As the denouement of the magnum opus called Health Insurance Reform unfolded, Maxine Waters told Pelosi not to bring Stupak to a floor vote or she’ll bring back the public option. As if using the public option as a bargaining chip to “save” women’s rights, from being used as a bargaining chip in the first place, is some sort of profile in courage?‘Don’t sell out women, or I’ll have to… *gasp* … do something on behalf of the people. Dun, dun, dun!’ Thank goodness that didn’t come to pass. We wouldn’t have wanted Maxine to accidentally get universal healthcare passed or anything, especially since in the end SuperMsFeministObama signed an executive order strengthening the (so-called) status quo that curbs women’s rights anyway. (Meanwhile, Obama has yet to sign an executive order suspending implementation of DADT. Priorities!)
You can wrap a newspaper around that fishy reform and put lipstick on that piggy executive order, but it’s still a K-street bill facilitated by a C-street power play.

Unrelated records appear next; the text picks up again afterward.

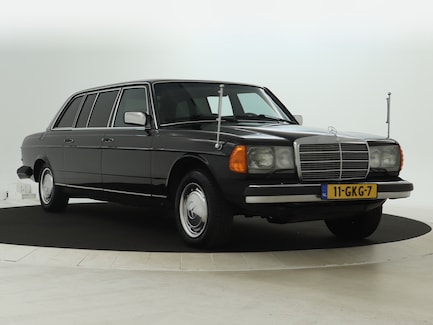 Mercedes-Benz 200-Serie 0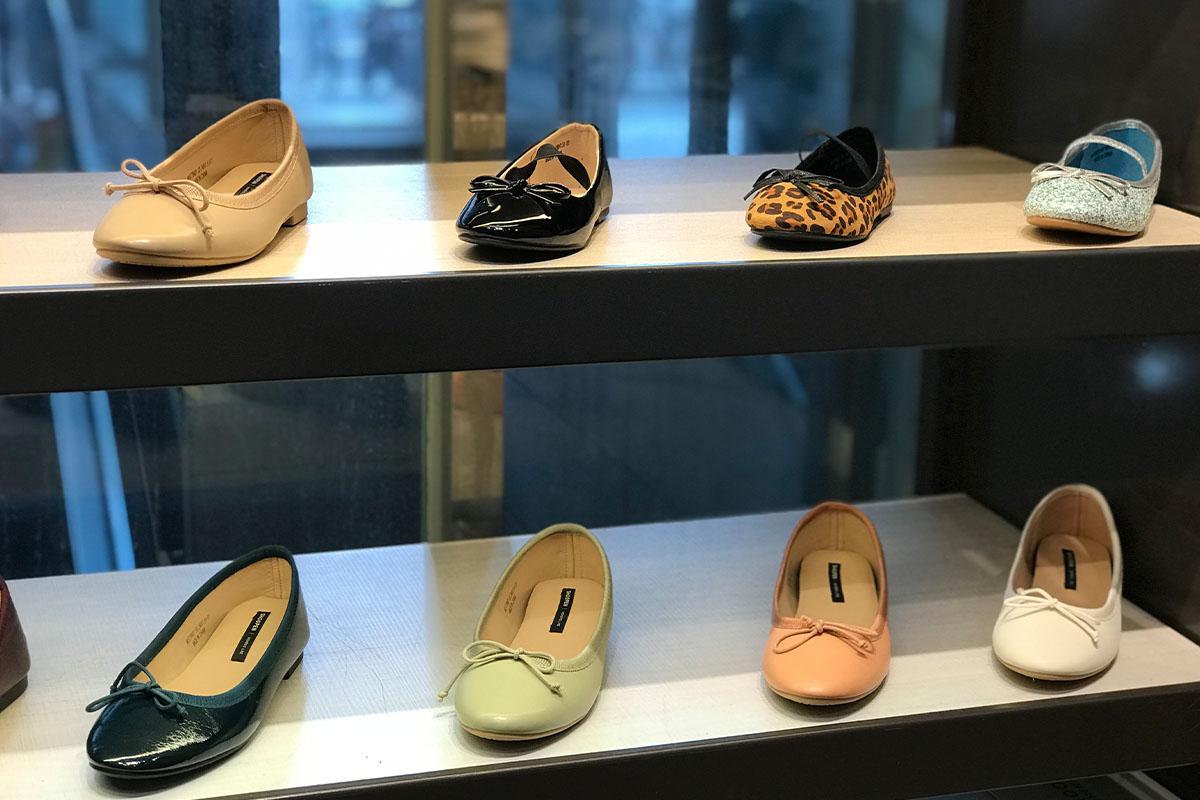 Flats with bows at Shoopen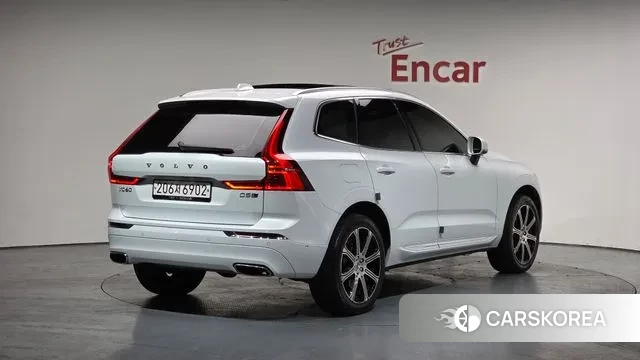 Volvo XC60 second Generation 2018 Белый из Кореи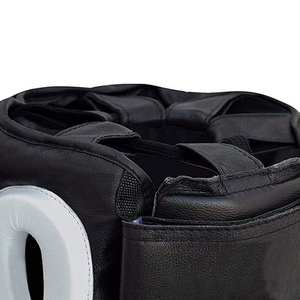 Casques de protection professionnels pour hommes en cuir de haute qualité, personnalisables pour la boxe, en vente - Product Image 3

Also, as much as I have next to none of the regard left for Pelosi that I had when she became the first female Speaker, and as much as I think she is using her power on behalf of the good ol’ boy network–it was her muscle that actually shepherded the bill through, not Obama’s. All Obama did was make backroom deals with big money interests and make sure that single payer was not anywhere near the table, its advocates ignored as “little people” even when they were in the same room, never to have any fair hearing whatsoever as part of the debate, thus tilting the bargaining equation entirely in the health-industrial complex’s favor. What should have been the compromise position, i.e. the vaguely defined public option, became the ideal (“perfect…enemy of the good”) and was watered down to meaninglessness, then disappeared altogether. Bait and switch.
The result was our generation’s answer to FDR and LBJ: A Raw Deal for a Disenfranchised Society.